Christian Göbel is professor of modern China studies at the University of Vienna and the principal investigator of the ERC-funded project “The microfoundations of authoritarian responsiveness: E-Participation, Social Unrest and Public Policy in China”.

29 November 2021, 16:00-18:00 (CET)

Study Contentious Politics: From Near or Afar? 

Diana Fu (University of Toronto)

How should scholars study contentious politics in illiberal regimes, where risks are high for both the researcher and the subjects? This lecture will cover how ethnographic approaches can be used to study contention across various settings.  It contends that research questions starting with “the what and the how” are just as important as the “why.”  It will give students a theoretical and practical view of how to study contention across the different types of non-Western states.  

Diana Fu is associate professor of political science at The University of Toronto, a fellow at the Brookings Institution, the Wilson Center, and the National-Committee on US-China Relations.  Her  research examines civil society, popular contention, state control, and authoritarian citizenship in China. She is author of the award-winning book Mobilizing Without the Masses: Control and Contention in China (Cambridge University Press, 2018).

16 December 2021, 12:00-14:00 (CET)

Feminism and the Politics of Social Reproduction in China

Dong Yige (State University of New York, Buffalo)

From the five feminist activists being detained by authorities on the eve of International Women’s Day to numerous women speaking out about sexual assault against powerful men under the #MeToo banner, in the past few years, a series of high-profile events introduced a new generation of Chinese feminists to the global arena. How to make sense of this new wave of Chinese feminism? Conceptually, this talk maps out the overall landscape of Chinese women’s agitations and contextualizes it in the country’s long-standing class inequality and its deepening crisis of social reproduction. Methodologically, the talk reflects on the advantages and challenges of doing research that connects gender to political economy, two analytical approaches that are oftentimes insulated from each other.
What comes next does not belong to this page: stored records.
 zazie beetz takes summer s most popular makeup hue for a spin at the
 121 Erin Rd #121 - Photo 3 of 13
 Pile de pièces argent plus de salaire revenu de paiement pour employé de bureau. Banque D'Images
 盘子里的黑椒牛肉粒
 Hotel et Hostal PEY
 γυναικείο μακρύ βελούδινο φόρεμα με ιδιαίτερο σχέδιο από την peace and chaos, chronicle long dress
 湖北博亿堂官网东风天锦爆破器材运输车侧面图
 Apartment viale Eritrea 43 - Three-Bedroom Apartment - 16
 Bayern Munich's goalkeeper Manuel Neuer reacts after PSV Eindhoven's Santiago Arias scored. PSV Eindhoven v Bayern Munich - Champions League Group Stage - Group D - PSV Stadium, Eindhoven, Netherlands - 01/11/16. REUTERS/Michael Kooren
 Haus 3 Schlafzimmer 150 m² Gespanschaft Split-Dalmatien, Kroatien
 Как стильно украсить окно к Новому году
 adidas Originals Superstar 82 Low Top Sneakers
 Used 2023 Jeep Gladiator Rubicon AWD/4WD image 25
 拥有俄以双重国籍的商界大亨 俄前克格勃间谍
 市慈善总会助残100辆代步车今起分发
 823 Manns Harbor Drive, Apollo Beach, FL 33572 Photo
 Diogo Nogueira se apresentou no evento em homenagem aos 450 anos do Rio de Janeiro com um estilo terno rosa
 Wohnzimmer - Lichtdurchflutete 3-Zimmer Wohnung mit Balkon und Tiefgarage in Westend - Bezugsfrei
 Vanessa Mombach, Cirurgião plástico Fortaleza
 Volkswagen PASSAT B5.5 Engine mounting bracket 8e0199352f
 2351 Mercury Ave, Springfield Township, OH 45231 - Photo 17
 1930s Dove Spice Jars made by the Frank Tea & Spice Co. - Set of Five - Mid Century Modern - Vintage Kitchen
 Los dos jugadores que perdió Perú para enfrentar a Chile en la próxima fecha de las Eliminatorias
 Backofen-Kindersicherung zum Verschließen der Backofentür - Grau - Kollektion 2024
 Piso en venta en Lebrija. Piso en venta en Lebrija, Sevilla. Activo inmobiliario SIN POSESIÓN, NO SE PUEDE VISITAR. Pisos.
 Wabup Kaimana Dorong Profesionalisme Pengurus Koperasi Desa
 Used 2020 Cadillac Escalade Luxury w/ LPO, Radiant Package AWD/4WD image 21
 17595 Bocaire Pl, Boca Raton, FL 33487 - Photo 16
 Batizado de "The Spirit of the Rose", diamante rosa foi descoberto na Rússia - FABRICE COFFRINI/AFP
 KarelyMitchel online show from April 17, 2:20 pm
Yige Dong is an assistant professor in sociology and global gender & sexuality studies at the State University of New York, Buffalo. She holds a Ph.D. in sociology from the Johns Hopkins University. Her research interests include political economy, labor, gender, contentious politics, and comparative-historical methods. Dong’s research on Chinese labor politics and feminist movements has appeared in International Journal of Comparative Sociology, Critical Asian Studies, Modern China, among others. She is currently working on a book manuscript that examines the politics of care work during the rise and fall of industrial socialism in China.

6 January 2022, 12:00-14:00 (CET)

Networks of Contention – Linkages and Diffusion Processes in China’s Environmental Protests

Maria Bondes (Fu Berlin)

With the growing urgency of China’s environmental crisis, a plethora of non-state actors has entered China’s green sphere that now comprises environmental organizations, experts, lawyers, green journalists, and local communities fighting for a healthy living environment. In Western societies, it is the linkages and diffusion processes between these groups that drive social movements. In China, environmental contention has largely been regarded as localized and parochial with local communities isolated from each other and external assistance. 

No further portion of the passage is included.